**Listed records:**
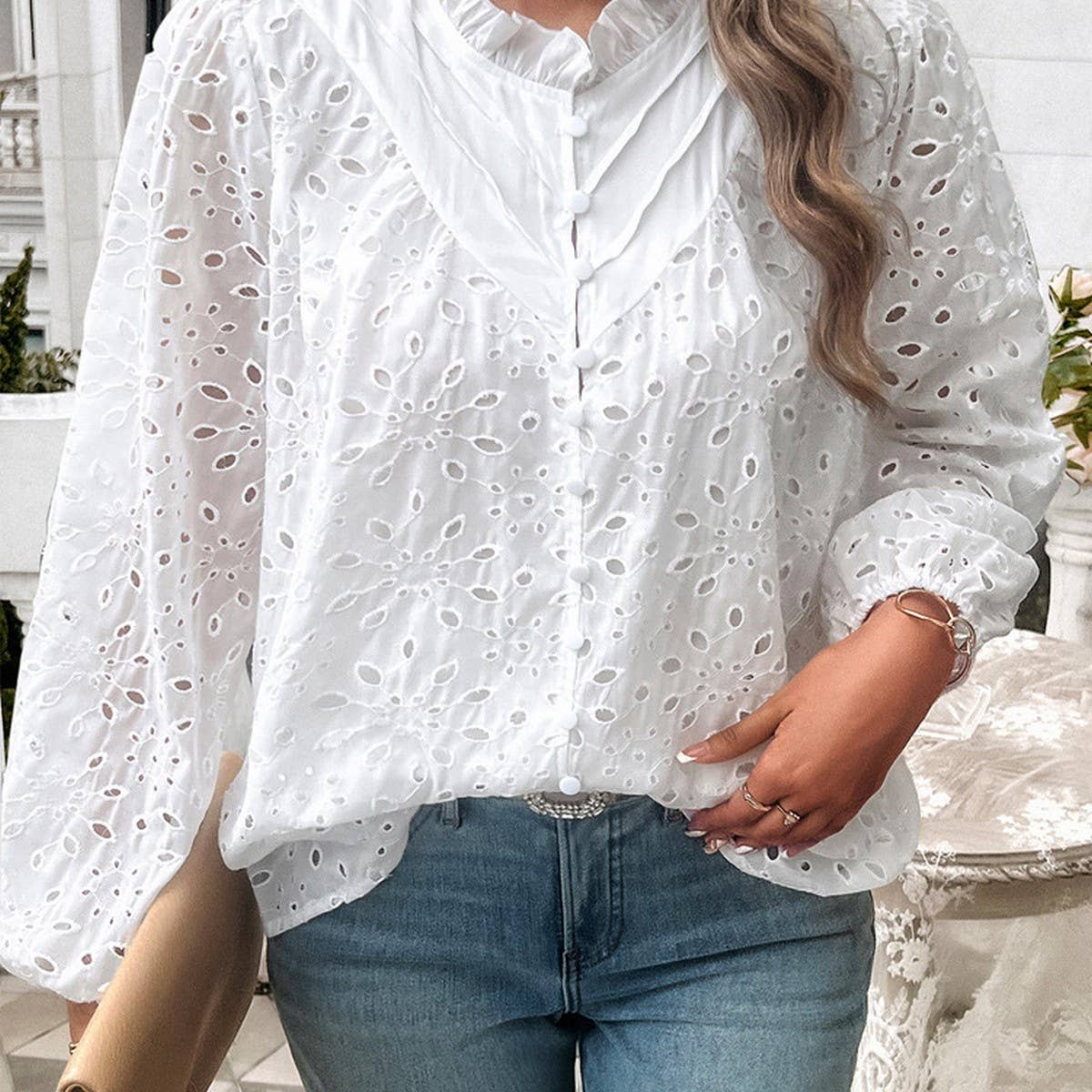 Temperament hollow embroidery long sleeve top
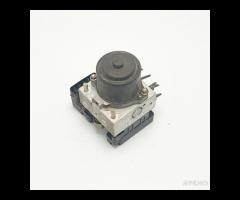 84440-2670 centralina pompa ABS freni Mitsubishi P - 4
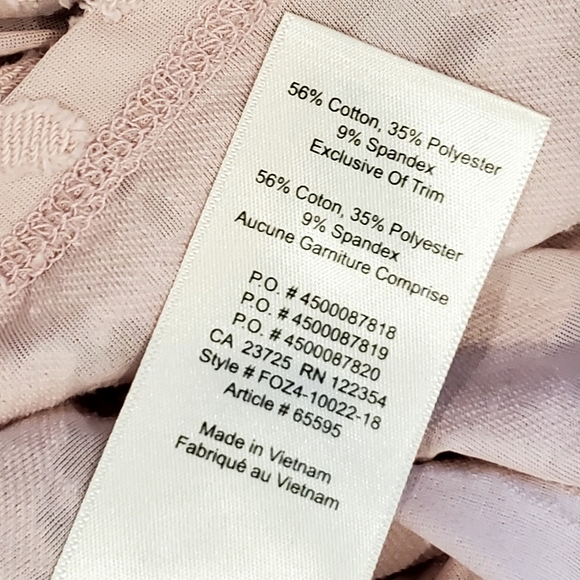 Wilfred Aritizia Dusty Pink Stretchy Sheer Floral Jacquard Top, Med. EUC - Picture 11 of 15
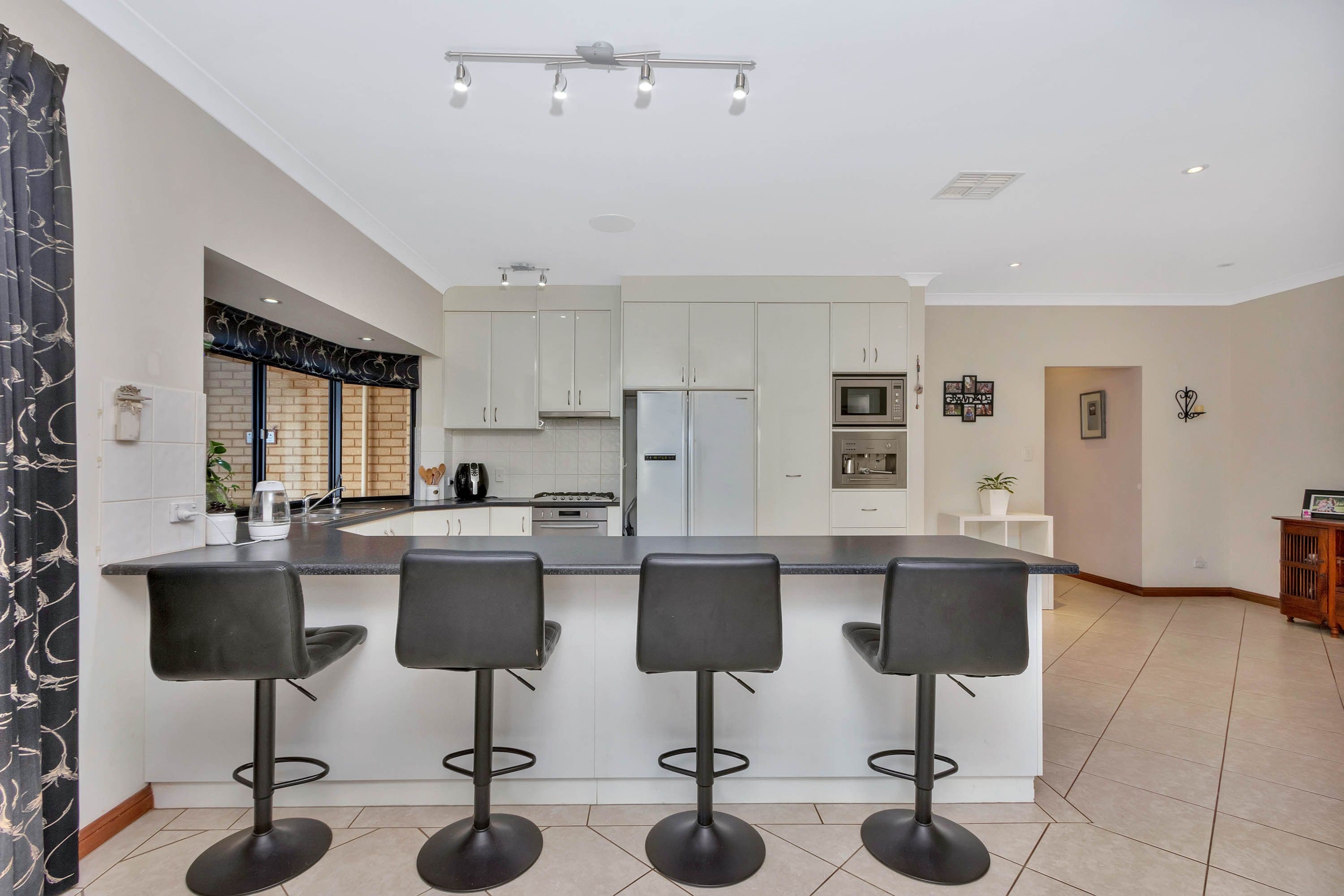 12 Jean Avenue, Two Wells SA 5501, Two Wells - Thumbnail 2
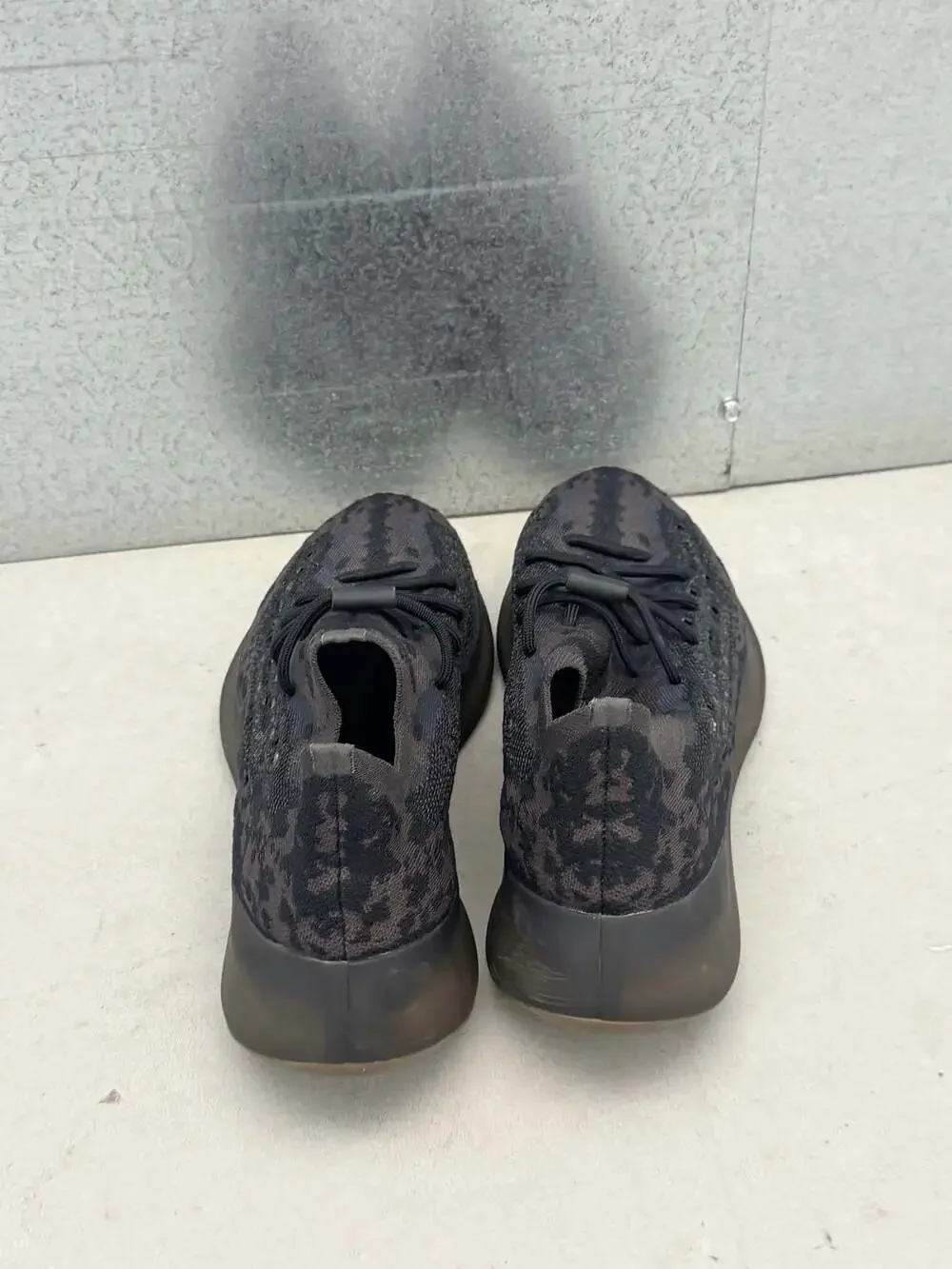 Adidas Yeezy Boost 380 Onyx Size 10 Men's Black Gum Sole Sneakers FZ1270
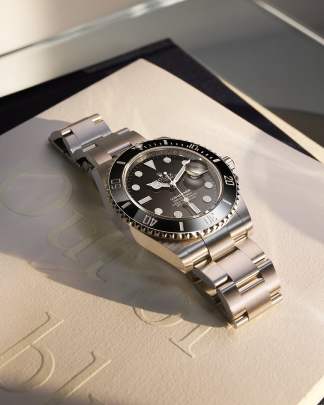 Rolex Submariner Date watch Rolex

**Exercise:** Word for word, restate the whole listing and drop the images.

**Written answer:**
 Temperament hollow embroidery long sleeve top
 84440-2670 centralina pompa ABS freni Mitsubishi P - 4
 Wilfred Aritizia Dusty Pink Stretchy Sheer Floral Jacquard Top, Med. EUC - Picture 11 of 15
 12 Jean Avenue, Two Wells SA 5501, Two Wells - Thumbnail 2
 Adidas Yeezy Boost 380 Onyx Size 10 Men's Black Gum Sole Sneakers FZ1270
 Rolex Submariner Date watch Rolex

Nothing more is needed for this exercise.